▶ [What this task involves] Return only that part of the material below which starts with the line containing "Kono S o, Mi" and goes on through the line containing "森田药妆哪款面膜最好用？森田药妆面膜明星产品推荐", restated exactly.

▶ [Data for analysis]
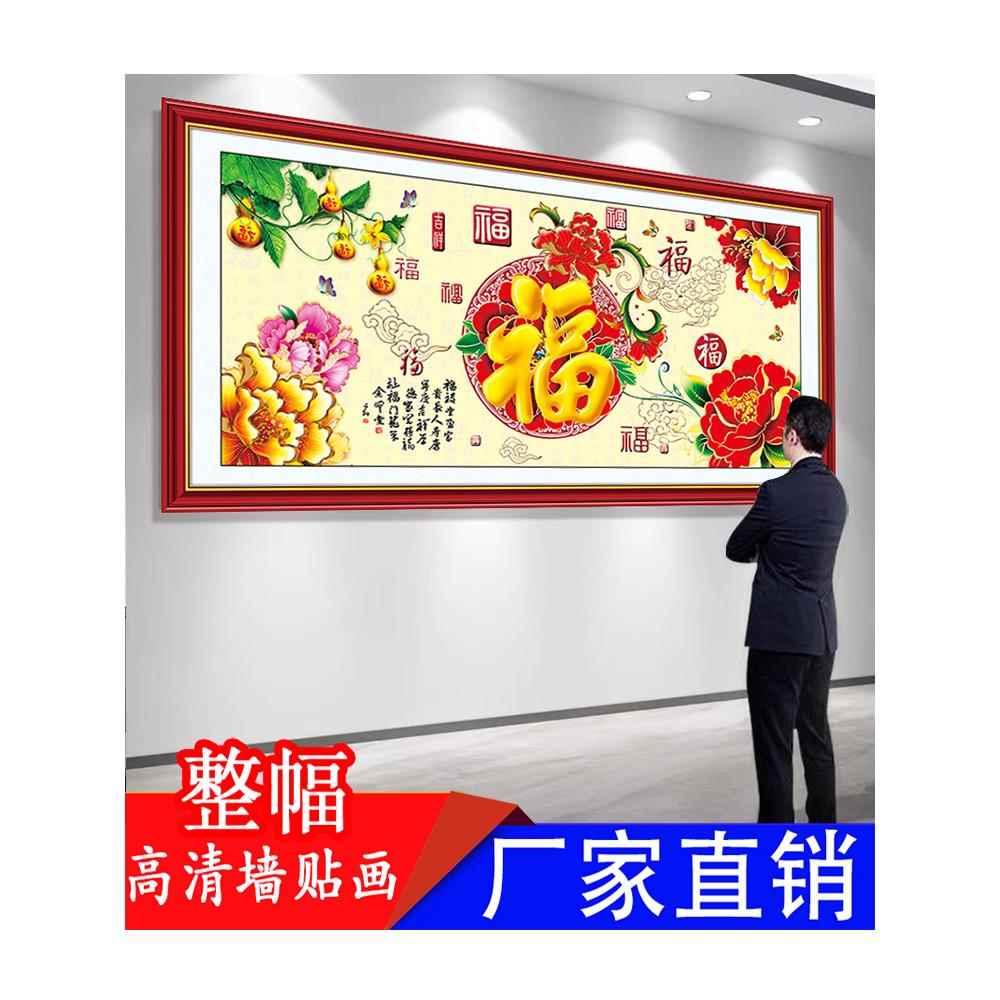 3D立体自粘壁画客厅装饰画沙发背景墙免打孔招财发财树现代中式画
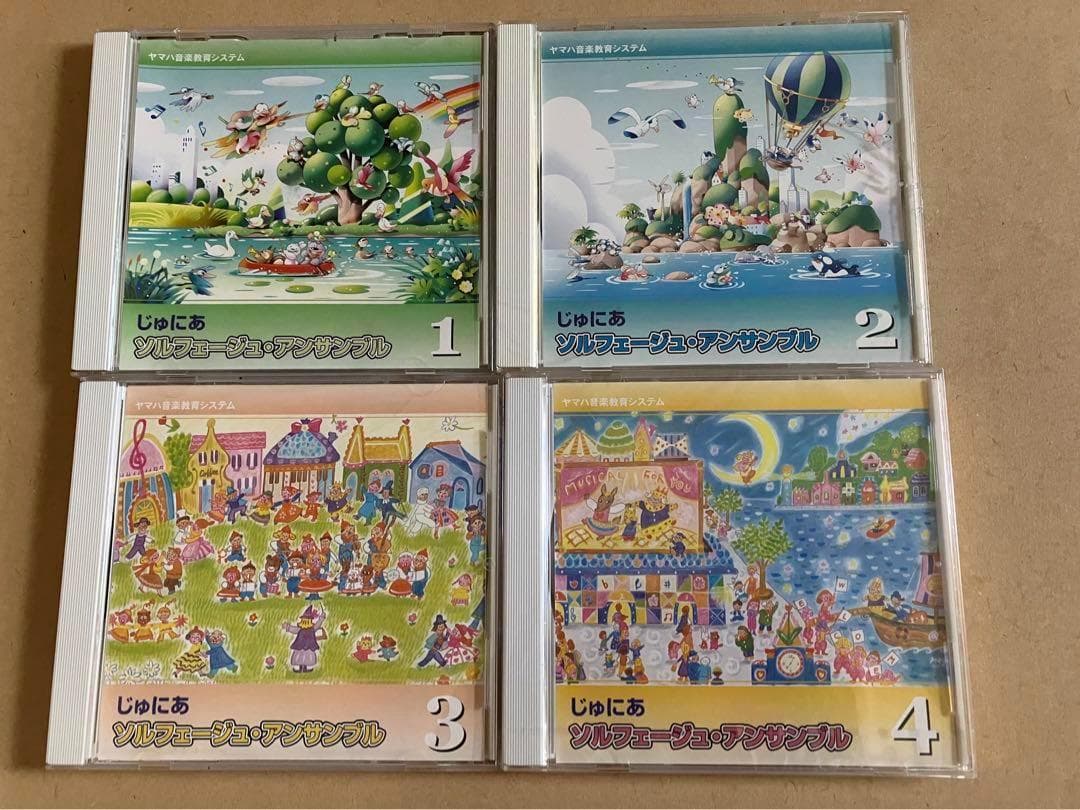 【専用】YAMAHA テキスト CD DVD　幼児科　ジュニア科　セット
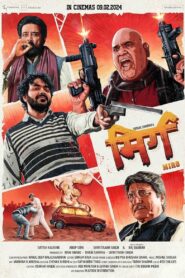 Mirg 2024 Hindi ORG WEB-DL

...

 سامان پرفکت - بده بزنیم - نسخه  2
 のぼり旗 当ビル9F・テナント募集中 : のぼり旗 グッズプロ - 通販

...

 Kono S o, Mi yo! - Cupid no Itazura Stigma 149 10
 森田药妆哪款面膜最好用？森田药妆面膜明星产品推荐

▶ [Solution]
 Kono S o, Mi yo! - Cupid no Itazura Stigma 149 10
 森田药妆哪款面膜最好用？森田药妆面膜明星产品推荐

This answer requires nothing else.